Blog post
Five lessons from America
Quote this publication
Gnesotto, N. “Five lessons from America”, Blogpost, Jacques Delors Institute, November 2024
- The first target of the regression that is devouring the world is women. In Iran, Afghanistan and all Muslim countries, they must be veiled and locked up. Onu-Femmes estimates that 89,000 women and girls were killed worldwide in 2022, the highest figure in the last twenty years. In the West, it’s not so much Islamism that wants to force them into submission as the revenge of the white male, with all his buddies the Hispanic, Afro-American, yellow or café au lait males, disoriented not only by the economic crisis but above all by four decades of feminism campaigning for gender equality. Let’s be wary. The women’s struggle is not a historical anecdote. It is history with a capital H, and European women are no smarter or more protected than American women.
- How did we fall so far? It’s a question that should be on the lips of every Democrat in the world. For the event is less the election of Donald Trump than the overwhelming scale of his victory. What have we done, or neglected to do, over the last 50 years to allow hysteria to prevail over reason, insults to prevail over dialogue, violence to prevail over respect, the spirit of revenge to dominate and with it the pleasure of punishing, marginalising, denouncing and, at best, ignoring others? The American crisis goes far beyond the borders of the United States. It is the emerging peak of a major crisis in our Western democracies, the three components of which are shatte-ring together: liberalism and economic openness, representative democracy and the benevolence of American power.
- But what is shaking the interior of American democracy is also shaking Western governance of the world. The global South detests our claims to embody the Good and our moral certainties. The populist people hate our rules, our self-righteousness, our culture and our principles. We try, often in good faith, to convince them of their error and to bring them back to mass support for democracy and its values. Unfortunately, they no longer believe in it. Excluded for too long, they want their revenge. Despised too much, they now want to dominate. The same movement is attacking the appalling Western superiority complex everywhere, in our democracies and in the rest of the world, the price of our internal and external arrogance.
- Trump’s victory is a disaster for the European Union. Not just because of the trade wars he will unleash, particularly on the automotive industry. Not just because of the geopolitical risks that his unpredictability regarding NATO and his friendship with Vladimir Putin will increase. But because it will bolster populist resistance in Europe against the law, standards and rules – in short, against any external, in other words Brussels-based, obstacle to national sovereignty. Elon Musk and Victor Orban share the same hatred of government, regulation and checks and balances. In the name of freedom, they want to destroy the institutions that guarantee our freedom. All the European populists, starting with the RN in France, are the big winners of this election. Their traditional anti-Americanism has fizzled out.

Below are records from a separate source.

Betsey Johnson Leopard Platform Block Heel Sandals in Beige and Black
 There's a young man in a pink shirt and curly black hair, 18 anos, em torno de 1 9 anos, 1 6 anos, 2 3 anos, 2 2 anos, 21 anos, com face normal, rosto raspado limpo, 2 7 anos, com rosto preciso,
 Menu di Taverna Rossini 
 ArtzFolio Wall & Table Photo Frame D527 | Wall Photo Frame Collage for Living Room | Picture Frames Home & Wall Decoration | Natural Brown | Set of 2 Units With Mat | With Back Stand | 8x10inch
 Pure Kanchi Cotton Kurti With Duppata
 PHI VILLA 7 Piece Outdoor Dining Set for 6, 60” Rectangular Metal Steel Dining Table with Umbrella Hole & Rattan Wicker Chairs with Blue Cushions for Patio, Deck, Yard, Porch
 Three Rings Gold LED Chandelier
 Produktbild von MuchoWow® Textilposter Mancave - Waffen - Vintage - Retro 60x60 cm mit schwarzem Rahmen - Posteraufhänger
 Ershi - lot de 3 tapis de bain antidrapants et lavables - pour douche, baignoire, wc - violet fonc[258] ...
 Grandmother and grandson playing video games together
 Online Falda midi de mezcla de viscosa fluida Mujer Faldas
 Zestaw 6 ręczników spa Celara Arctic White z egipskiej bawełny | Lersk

- Uniting and resisting is the only political response that Europe needs to devise and implement. But the immediate reflex will not be to divide, to run off to Mar el Lago to get the best photo with Trump, to stall, to turn a blind eye, to drink the chalice, to accept the unacceptable – Europeans know how to do all that. What’s more, the Commission has not even been appointed or endorsed by the Parliament, which is taking its time, as if it were the master of its own clocks. It is up to the Member States to provide the urgently needed European leadership: an extraordinary European Council is unlikely to be credible because Victor Orban’s presidency delegitimises this institution. So Paris, Berlin, Rome, Madrid and Warsaw must react together. What is the French President waiting for to invite the 5 great Europeans to dinner, so that together we can take up the American challenge?